[Short web captions]
────────

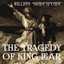 The Tragedy of King Lear cover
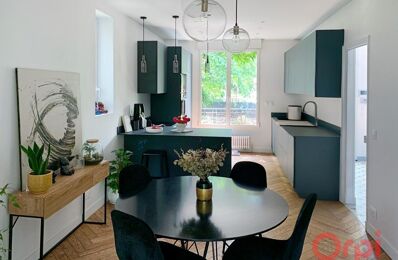 maison 4 pièces 119 m2 à vendre à Sannois (95110)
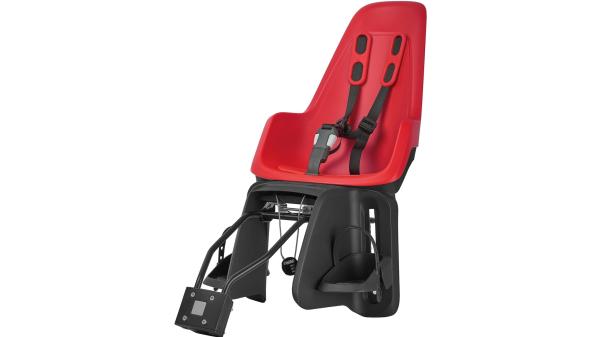 Bobike One Maxi 1P  1 1/8" rot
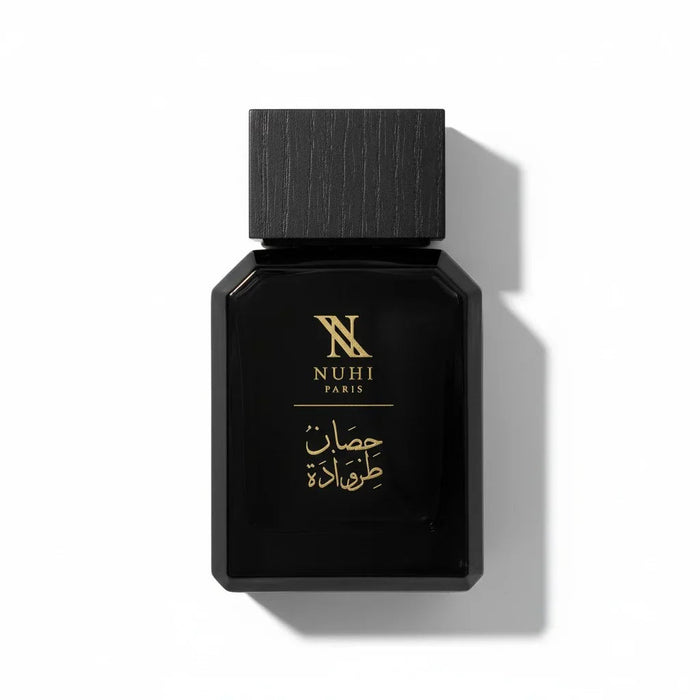 Nuhi Paris Trojan Horse Eau de Parfum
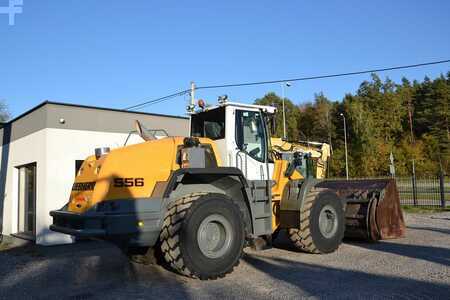 Liebherr L 556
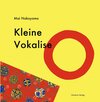 Buchcover Kleine Vokalise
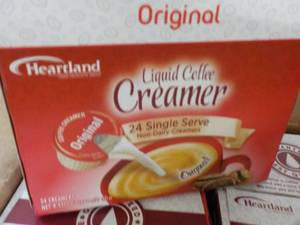 6 - 24 ct Single Serve Original Hea...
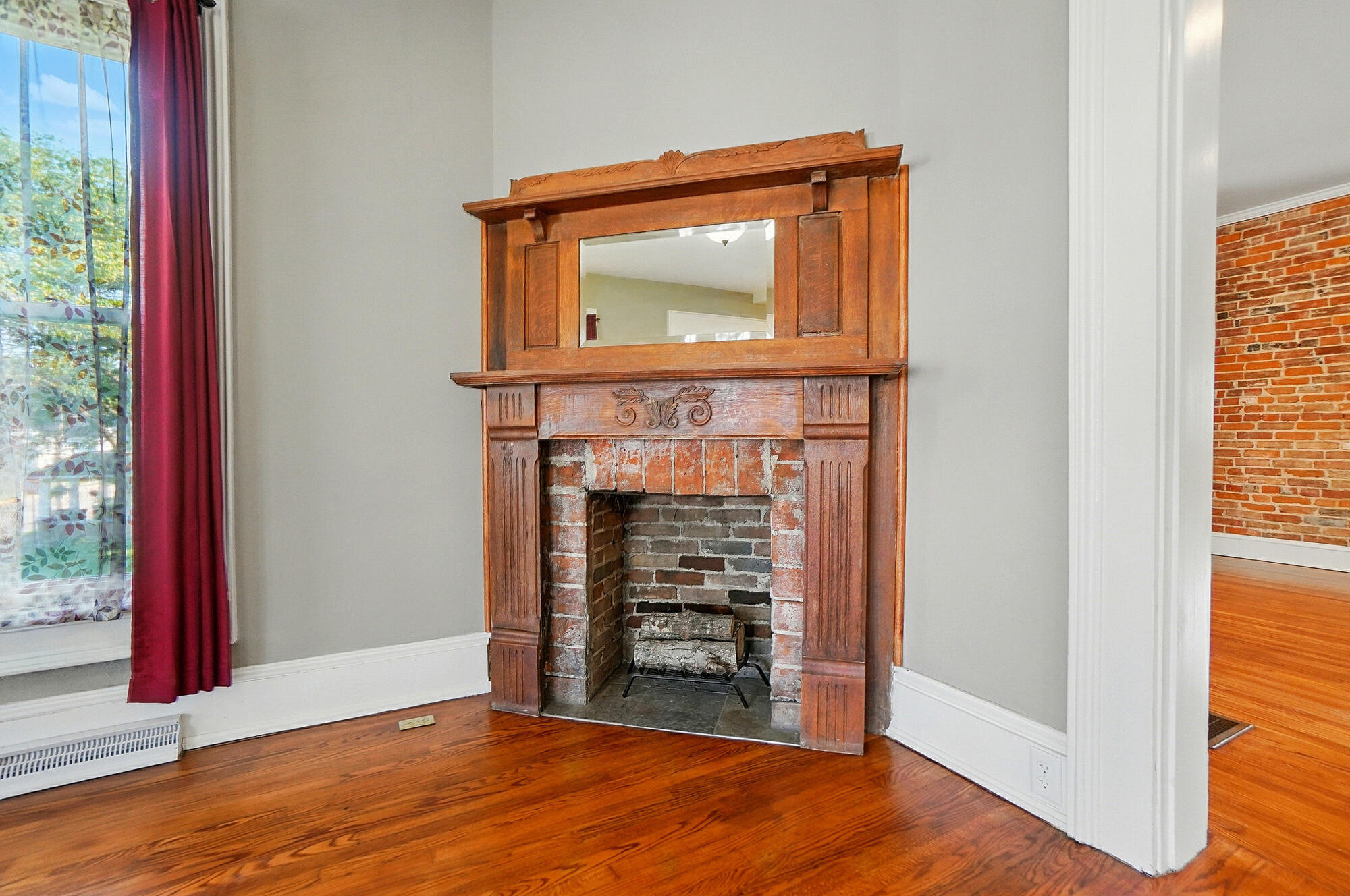 180 Pearl Street, Covington, Ohio 45318
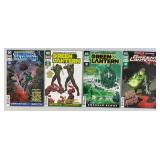 Misc. Comic Books Including  GREEN LANTERN & More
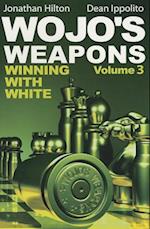 Wojo's Weapons, Volume 3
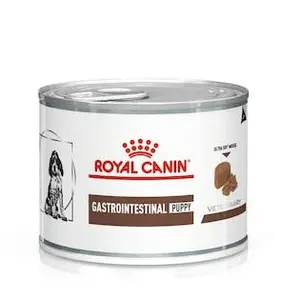 ROYAL CANIN GASTROINTESTINAL PUPPY KALENG 195G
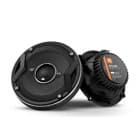 Car speakers
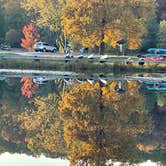 Review photo of French Creek State Park Campground by Lee D., March 15, 2023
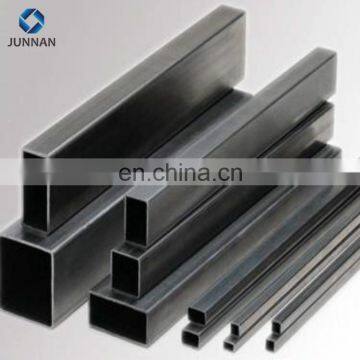 SHS RHS Square Rectangular Hollowed Section Steel Tube For Construction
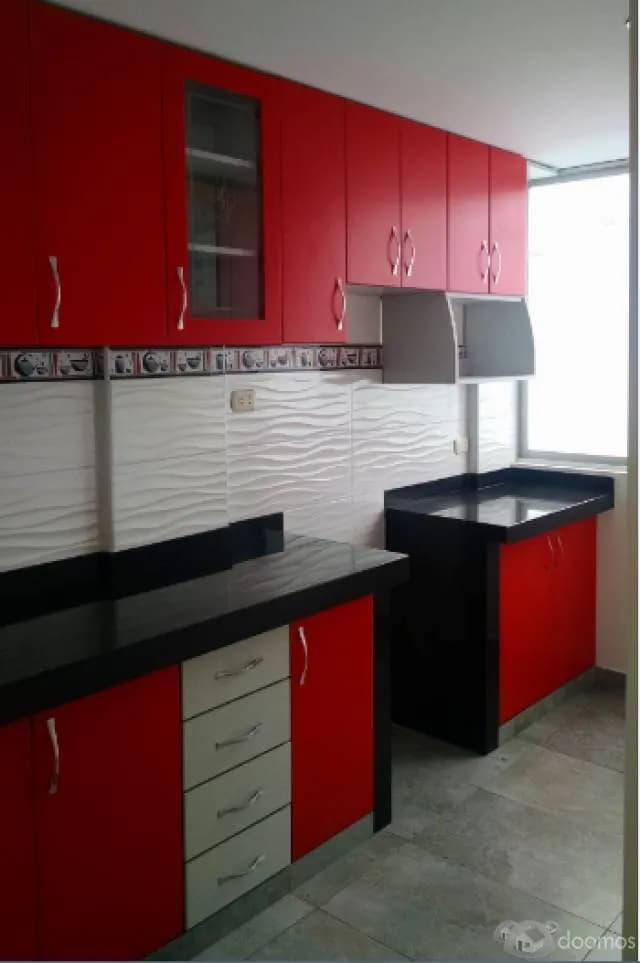 Venta de Departamento en SAN LUIS (Entrega Inmediata) - 1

────────

**WHAT TO WORK ON**
Could each line of the data be written out exactly, with no pictures included?

**SOLUTION FOR THIS PROBLEM**
 The Tragedy of King Lear cover
 maison 4 pièces 119 m2 à vendre à Sannois (95110)
 Bobike One Maxi 1P  1 1/8" rot
 Nuhi Paris Trojan Horse Eau de Parfum
 Liebherr L 556
 Buchcover Kleine Vokalise
 6 - 24 ct Single Serve Original Hea...
 180 Pearl Street, Covington, Ohio 45318
 Misc. Comic Books Including  GREEN LANTERN & More
 Wojo's Weapons, Volume 3
 ROYAL CANIN GASTROINTESTINAL PUPPY KALENG 195G
 Car speakers
 Review photo of French Creek State Park Campground by Lee D., March 15, 2023
 SHS RHS Square Rectangular Hollowed Section Steel Tube For Construction
 Venta de Departamento en SAN LUIS (Entrega Inmediata) - 1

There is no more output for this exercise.